If the number of samples $n$ of a symmetric continuous distribution with probability density function $f$ is large, then the distribution of the sample median is approximately $N(\overline{x}, \sigma)$, where $\overline{x}$ is the the mean of $f$, and
$$\sigma = {1 \over 2\sqrt{n}\,f(\overline{x})}.$$

The $1 \over 2\sqrt{n}$ comes from the fact that the number of samples above the mean has mean $n/2$ with standard deviation $1 \over 2\sqrt{n}$.

For the Gaussian distribution, the estimate for the standard deviation of the sample median is
$${\sqrt{2\pi} \over 2\sqrt{n}} = \sqrt{\pi \over 2n}.$$

The standard deviation of the sample mean is $1 / \sqrt{n}$. So the standard deviation of the sample median is larger by a factor of $\sqrt{\pi / 2} \approx 1.25$ (i.e., it has about 25% more error). This is a small price to play if outliers are possible.

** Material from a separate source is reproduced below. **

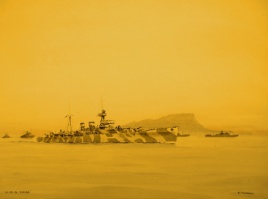 HMS CAIRO off Gibraltar in a hot, sultry, sand laden scirocco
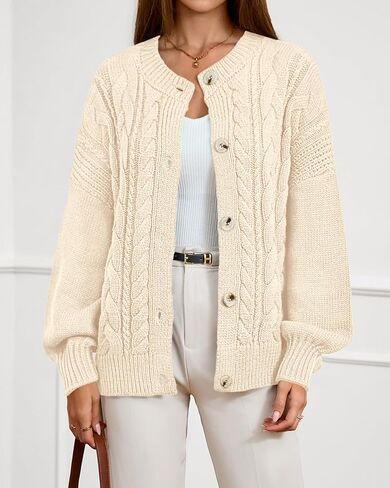 BTFBM Chunky Cardigan Sweaters for Women Fall Fashion 2025 Button Lantern Long Sleeve Cable Knit Winter Coats Outerwear in Saudi Arabia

So we have answered the question for the Gaussian. What about any symmetric continuous single mode distribution? The standard deviation of the median decreases as the density of the distribution at the median increases, so for sharply pointed distributions like the symmetric Laplacian distribution the standard deviation of the sample median is actually lower than the standard deviation of the sample mean.

I used approximations above, but with a lot more work and Beta distributions, you can calculate to arbitrary precision values for the standard deviation of the sample median.